The editorial work and literary enterprise of Louis Aime-Martin
Darrie, Stephanie Mary
Thesis or dissertation
University of Exeter
This thesis offers a new perspective on the cultural contribution of Louis Aimé-Martin, best known as the principal editor of Bernardin de Saint-Pierre. The thesis begins in chapter 1 with a critical analysis of the posthumous edition of Bernardin’s Essai sur J.-J. Rousseau. This text, singled out by the scholar, Maurice Souriau, as an exemplar of Aimé-Martin’s editorial negligence, introduces a theme sustained throughout chapter 2. This study of part of the Correspondance de J.-H. Bernardin de Saint-Pierre, in revealing Aimé-Martin’s emotive handling of the manuscripts he works from, leads to a necessary consideration of other, more objective editorial ventures in chapter 3. Attention turns from Bernardin’s legacy to an investigation of Aimé-Martin as a reputed authority on the lives and works of a host of French personalities from across the centuries. In light of those undertakings independent of Bernardin, the following chapters go on to broaden our understanding of Aimé-Martin, revealing some of his own literary endeavours. Reflections on the Lettres à Sophie sur la physique, la chimie et l’histoire naturelle (1810) in chapter 4, and Raymond (1811) in chapter 5, testify to Aimé-Martin’s interest in contemporary issues from feminine pedagogy to the moralisation of the peasant class.
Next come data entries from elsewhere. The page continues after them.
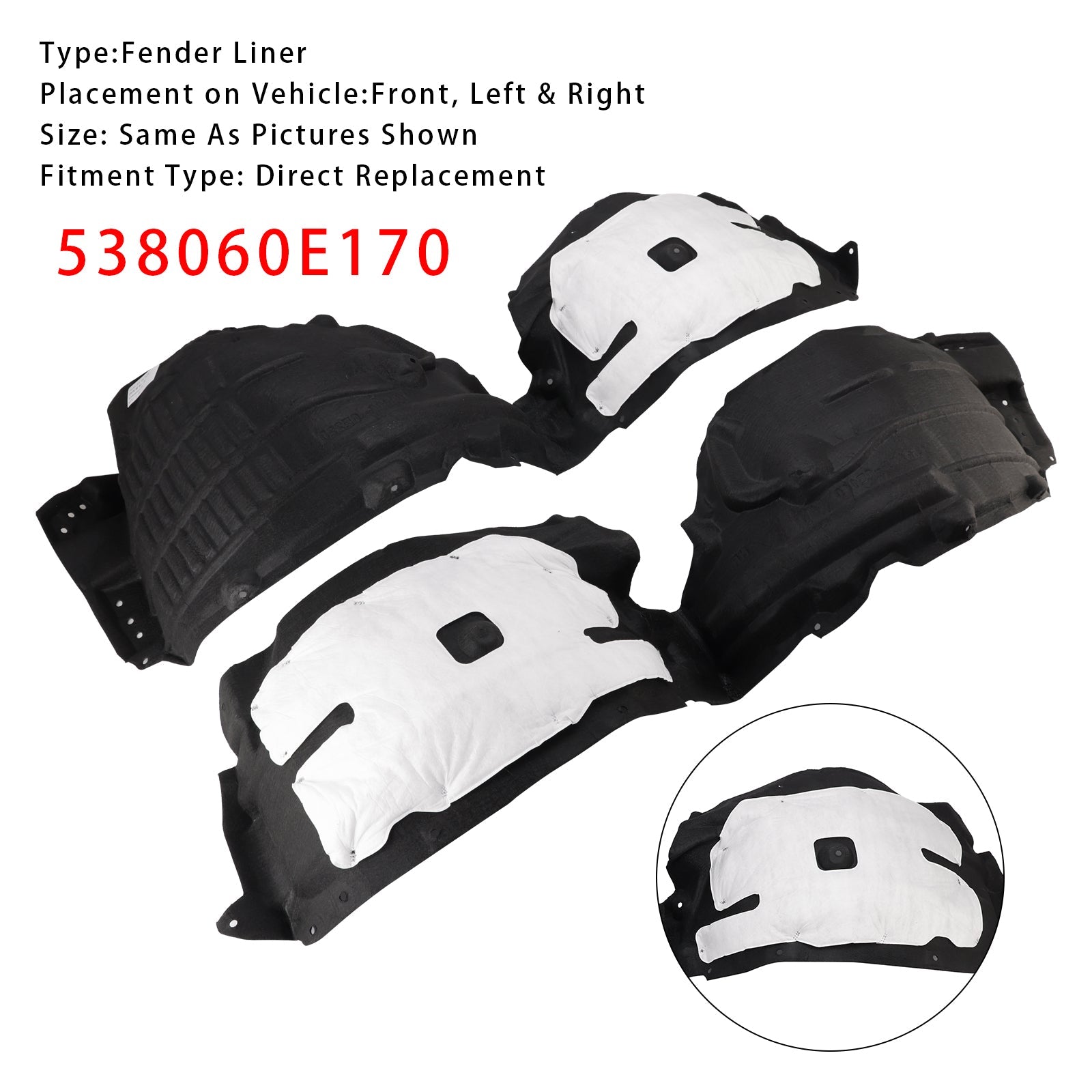 Pair Front Inner Side Fender Liners For 2020-2024 Toyota Highlander 538060E170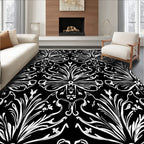 Bold Black Floral Art Nouveau Style Rug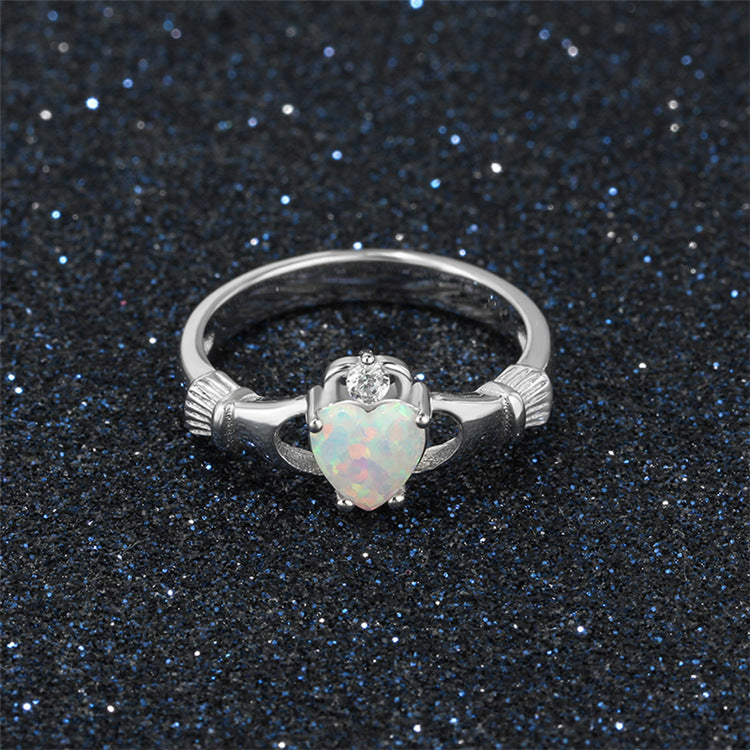 Christmas Gift Claddagh Wedding Ring with Opal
Such concerns eventually culminate in the philosophy of the Education des mères (1834), considered in chapter 6. It is this œuvre, with its promotion of a new, more accessible spirituality and its proposed revisions of the educative system, which truly sees Aimé-Martin engage with the socio-political agenda of his day. Chapter 7 looks further, then, at Aimé-Martin’s immersion in the cultural community of his time, drawing in particular on the revelations of his correspondence with Alphonse de Lamartine. The renowned editor is thus shown to be a transitional figure, holding a torch for the memory of an eighteenth-century icon while also shining a light of hope and inspiration for the people of the early decades of the nineteenth.